The Scottish Conservatives have mounted a dignified campaign led by the doughty Annabel Goldie, everyone’s favourite auntie. They have also talked a good deal of sense on issues like local taxation, affordable housing and drug rehabilitation. But they have been caught between the grindstones of the constitution debate. Annabel Goldie’s defiant insistence that the union is inviolable has contrasted with comments from figures like enterprise spokesman, Murdo Fraser, and even David Cameron that - though they don’t recommend it - Scotland could survive perfectly well as an independent country.
In taking this line, they are trying to come to terms with the debate as it is taking place in Scotland. Labour, meanwhile, have simply excluded themselves from it. Tony Blair’s visits have become increasingly negative, culminating in his highly personal remarks on Thursday that Alex Salmond is only interested in “fighting England”, as if the SNP leader were a latter day William Wallace.
Now, there is a case to be made that the SNP leader, if he became First Minister, would be likely to take a more robust line towards Westminster on issues such as the attendance allowances which were withheld from free elderly care, or the #381 million in council tax benefit. Then of course there is oil, Trident, immigration... But it might be that the Scottish voters, while showing no obvious interest in secession, may want a government in Holyrood, which is a little more confrontational.
This is the only way of reconciling the great electoral contradiction of this election, which is that support for formal independence is dwindling, even as the SNP is drawing ahead of Labour. In the Yougov poll on Friday, support for a separate Scotland in Europe was down to 23%. Other polls have placed independence in Europe lower still, while showing a large majority in favour of more powers for Holyrood.
Jack McConnell is convinced that this contradiction is the key to victory. He has been tearing round the country to shopping centres and old peoples’ homes, selling the message that Labour, not the SNP, is the real “patriotic party”, Scotland’s real national party. However, he still looks the underdog. TV interviewers have begun to treat him as a loser, talking down to him and badgering him about inconsistencies in his local taxation policies. Bernard Ponsonby’s assault on the FM, currently running on YouTube, isn’t a pretty sight.

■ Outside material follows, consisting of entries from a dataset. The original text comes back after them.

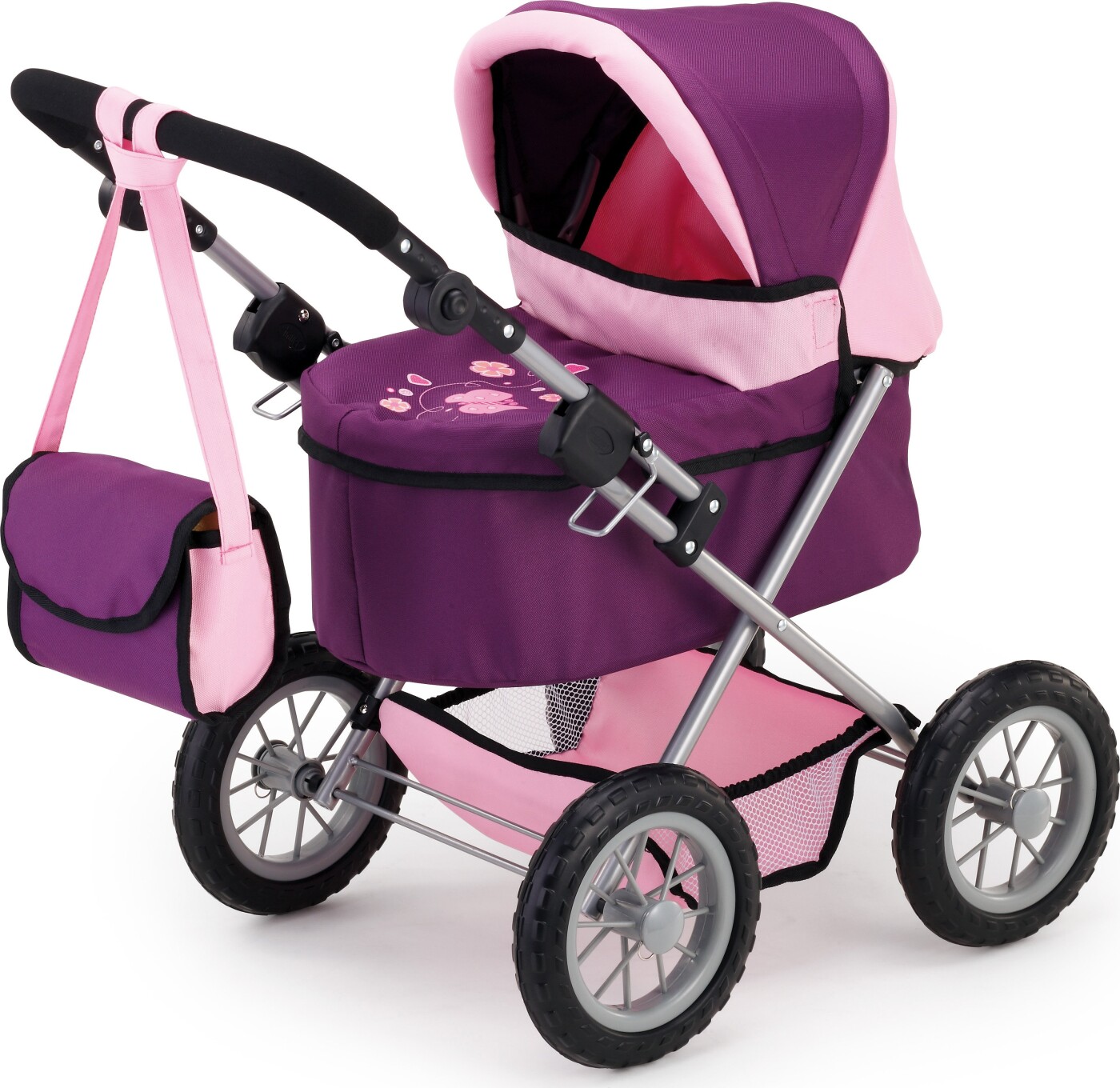 Bayer - Dukkevogn - Trendy - Blomme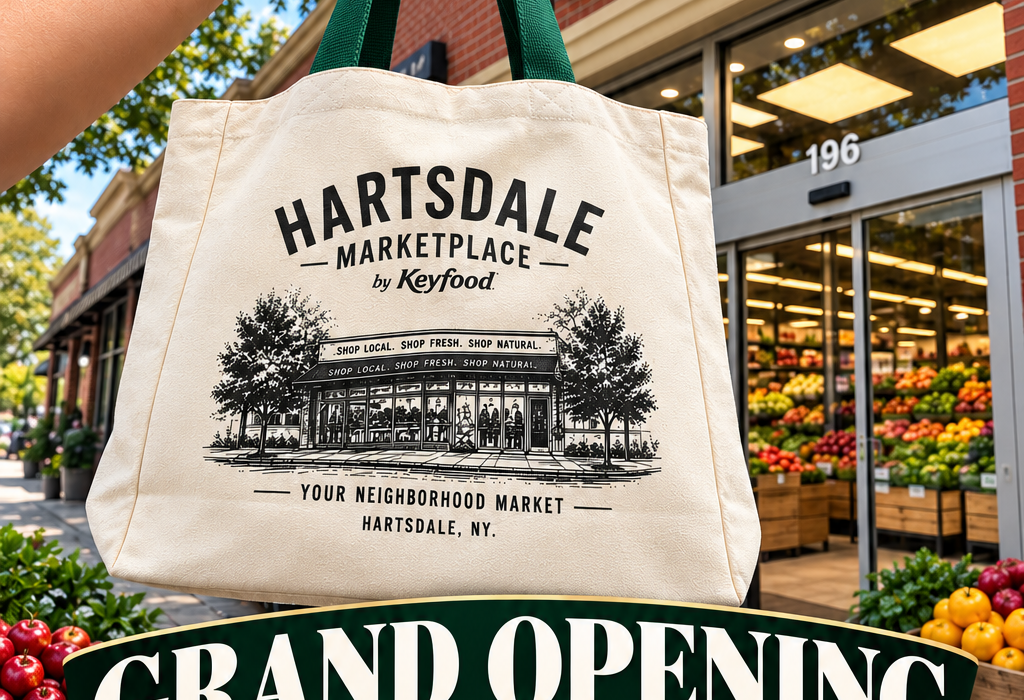 Hartsdale Marketplace Grand Opening — October 2–4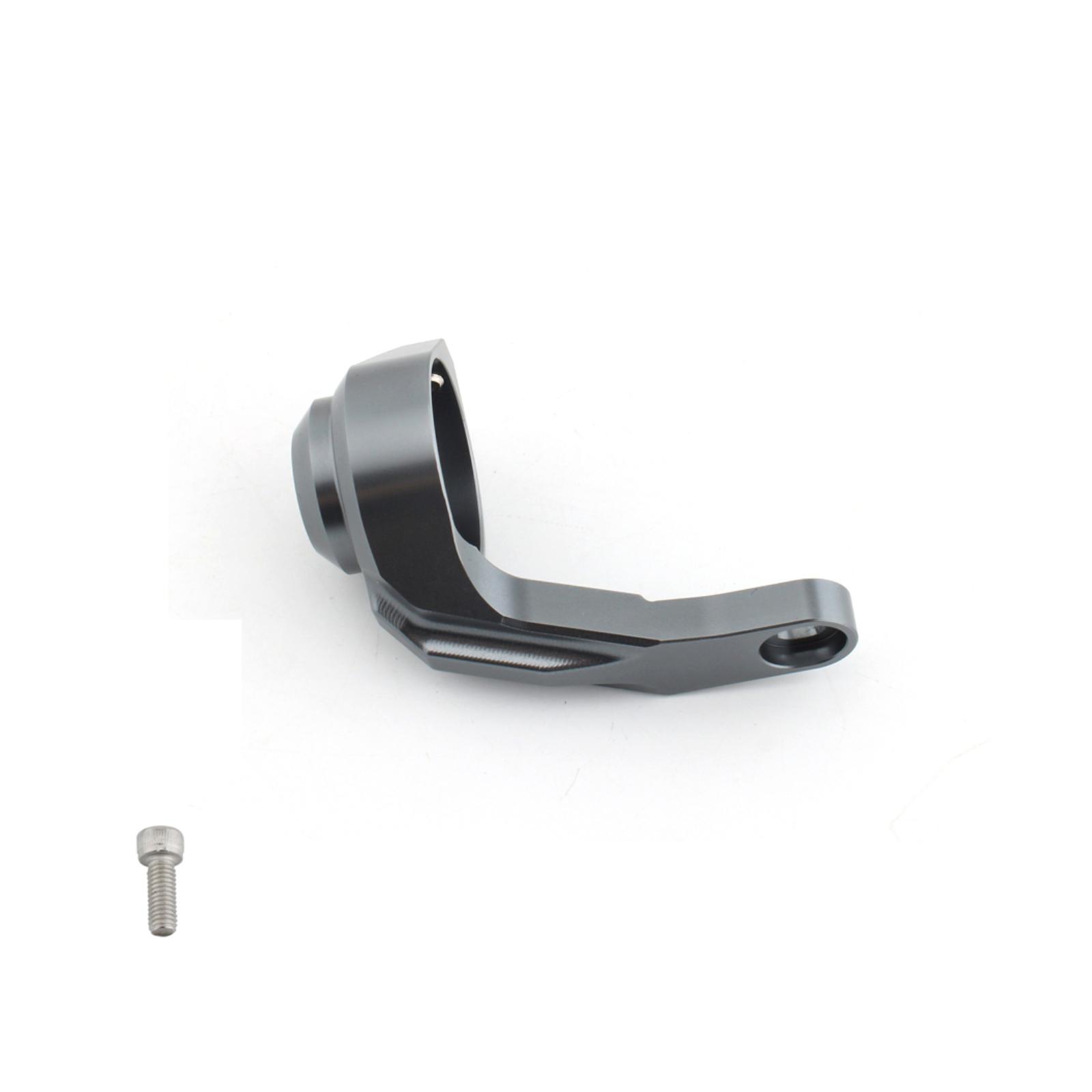 Motorcycle Gear Holder - Motorrad-Schalthebel-Stützstabilisator Halterung aus Aluminiumlegierung Fahrradzubehör für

The SNP has conducted a cool presidential campaign, based around the personality of their leader and on an independence-lite policy programme. This is either perpetrating a fraud on the electorate, as Labour say, or it is just what it says it is - an attempt by the SNP to show it can be a credible party of government in Holyrood. The intriguing question, given the dismal showing in the opinion polls for a separate Scotland, is whether the SNP has now entered on a course that will inevitably lead it to become a “post-nationalist” party like its Catalan and Quebecois equivalents. Certainly, there is a long way to go before the SNP could conceivably win a referendum on independence. All those spending commitments have to be honoured, local income tax introduced, relations with Westminster harmonised.
And, first things first, it has to win the Holyrood election on Thursday and manage to cement a coalition government with the Liberal Democrats who are still refusing to countenance any referendum on anything. It all seems like an impossible task.
But the polls can’t all be wrong. And what they are saying is that, unless Labour pull something out of the hat in next three days, Alex Salmond will the next inhabitant of Bute House.